As much as I wanted to wish away my roundness with a blink of an eye, it taught me only two things.  That television and magical genies named Jeannie are misleading and my curves were given to me like my name. At birth and with no opinion of my own.

Nowadays, I am inundated with images of these young girls who crave for their bodies to fit into a shirt made for a 1o-year-old, I wonder that when I have a little girl, how will I shield her from ever feeling that she is not good enough.  It saddens me from the inside when I see girls who dislike the reflection in the mirror or walk with their heads down when because they would rather look stick thin than embrace themselves.

For years, I was told that my baby fat would melt off.  My cheeks looked as if two golf balls had been stuffed on either side. My hair resembled a science experiment gone completely wrong and my glasses were two steps away from declaring me legally blind.  I would sit and dream that I would wake up with the baby fat gone. That it had melted off like ice-cream off of a cone on a Texas summer day.

My confidence dipped low.  I wanted to wear trends like all my skinny friends. Rock the cute shorts and nice shirts.  What looked good on me was not a trend.  Well, it may have been at some point in time. I would compare my legs to theirs, my arms to theirs, and even my face.  There was not one inch of me that felt normal.

It was not until college (yeah, talk about time travel) that I realized that I was not THAT bad.  I'll tell you when it happened. When my baby fat melted.   I was at a party and a girl (yes! a girl!) came up to me and told me she wished she had an ass like mine.  My.....ass?  The bane of my existence?  THAT monstrosity? She wished she could have an ass like mine? In disbelief, I questioned her and the next thing that came out of her mouth started my evolution. "Yeah! you're so hot!"

The next day I walked a little taller.  Because I was hot! and I had an ass! (which is apparently better than having a butt, FYI).

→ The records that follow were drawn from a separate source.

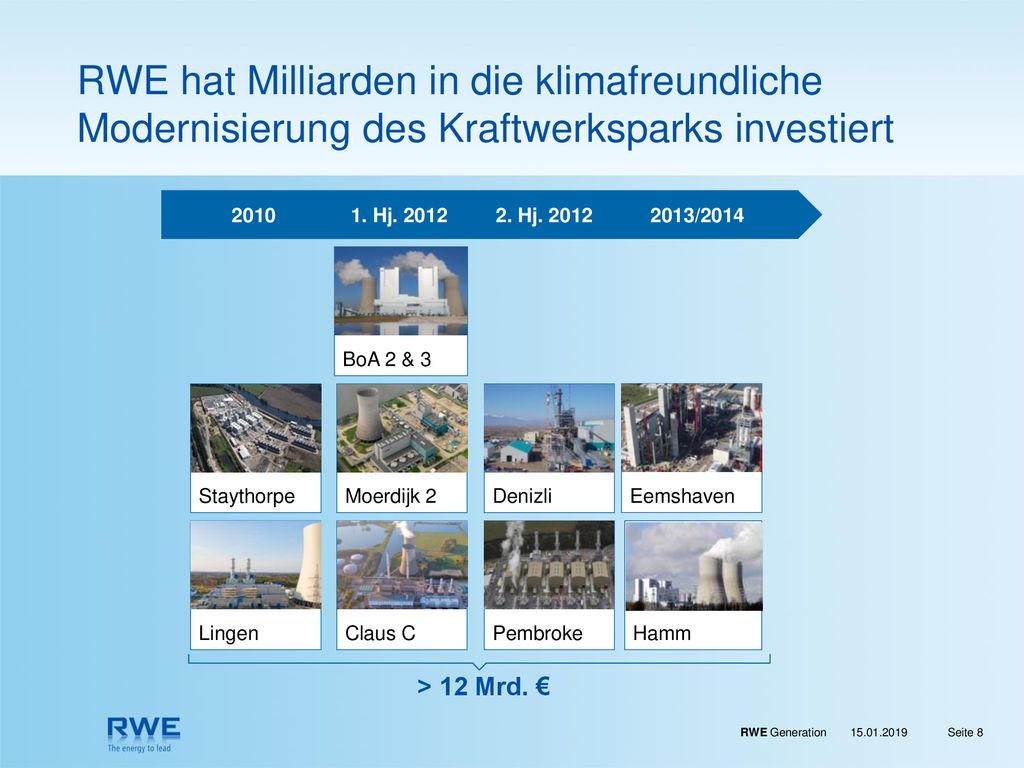 RWE hat Milliarden in die klimafreundliche Modernisierung des Kraftwerksparks investiert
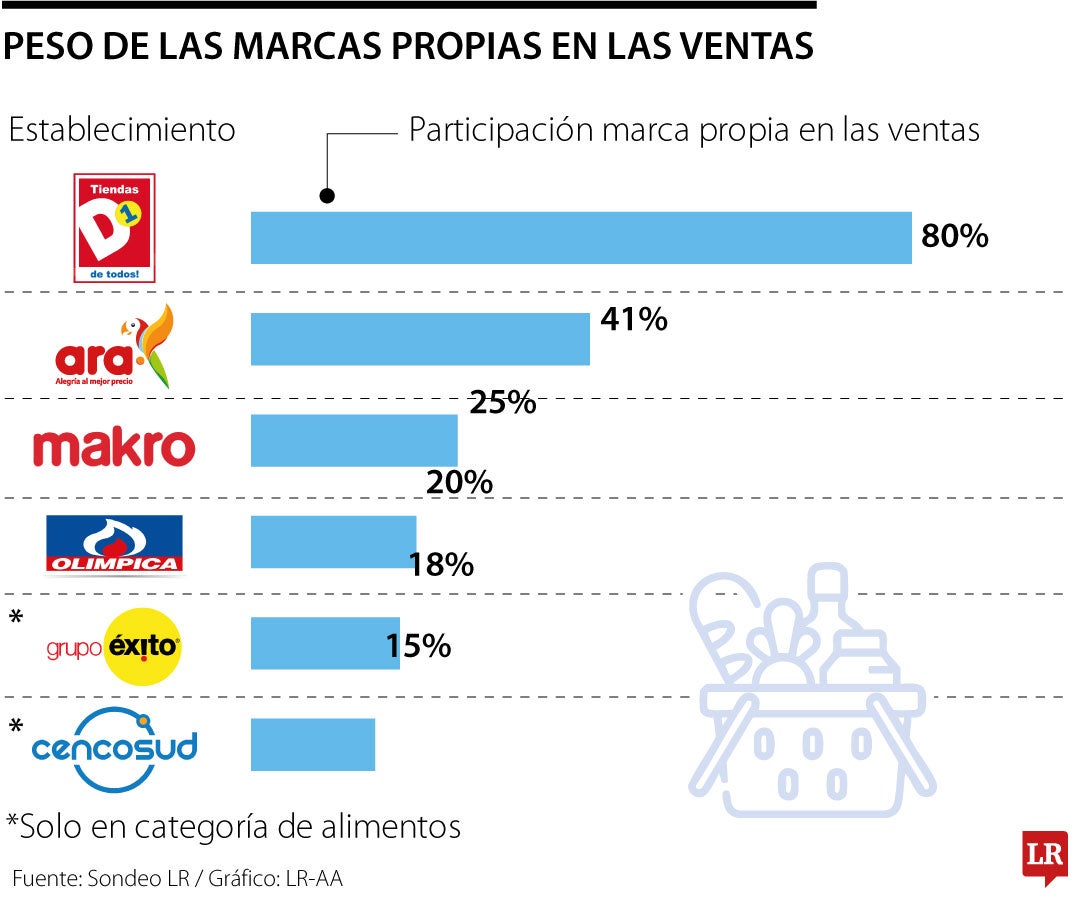 Marcas propias de los retailers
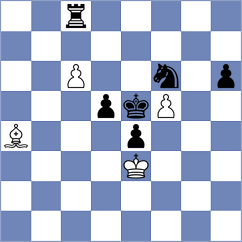 Melikhov - Tabuenca Mendataurigoitia (chess.com INT, 2023)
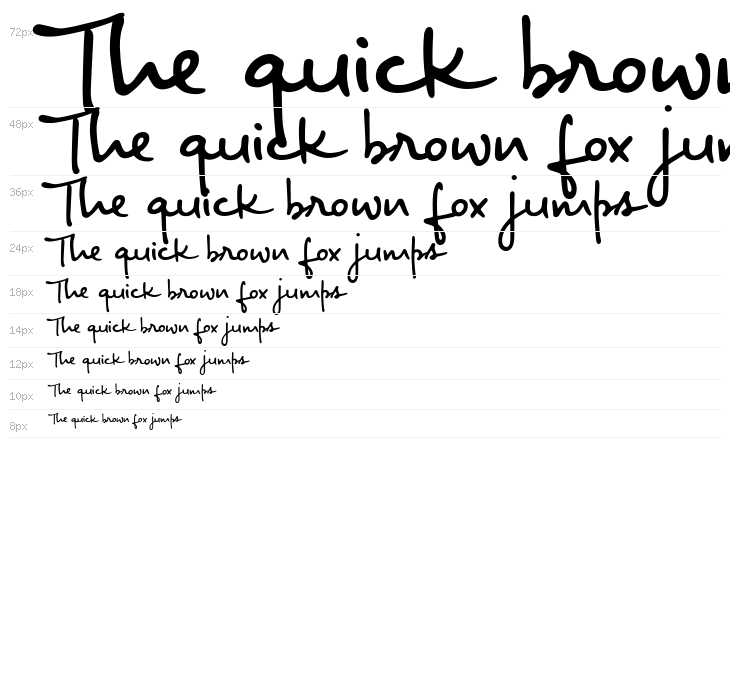 Big River Script Sample Waterfall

But I still saw those girls with their head down and I wondered if anyone ever told them how hot they were.  Or if they had something that someone wanted.  I hoped someone had. 

And that's when I learned that we all have people who will tell us that "you are such a beautiful person and I do not understand why you don't see that!".  But that's it! They just DON'T understand.  How could they? How do you explain to someone that you feel 10 times larger than you actually are? That you feel that every time you want a milkshake or an ice-cream you opt for the fruit instead because you do not want to be judged or get snickered at? Somewhere you know it is in your head, but somewhere else you make it real.

I know that feeling. I still have fat days.  But if you have curves, embrace them.  I hate seeing girls walking with their head down, because they have that figure that is sexy. Stop looking at the scale. Stop asking does this make me look fat.  Even Gisele Bundchen has clothes that make her look fat. Women should carry themselves like Jennifer Lopez, Sara Ramirez, Alicia Keys, Beyonce Knowles.  Those women are curvy, curvy and sexy, sexy.  And I am sure they had those days that they held their head down and wanted to subtract ten off of their size.  But someone must have told them that they were hot.  And that's when their baby fat melted must have melted too.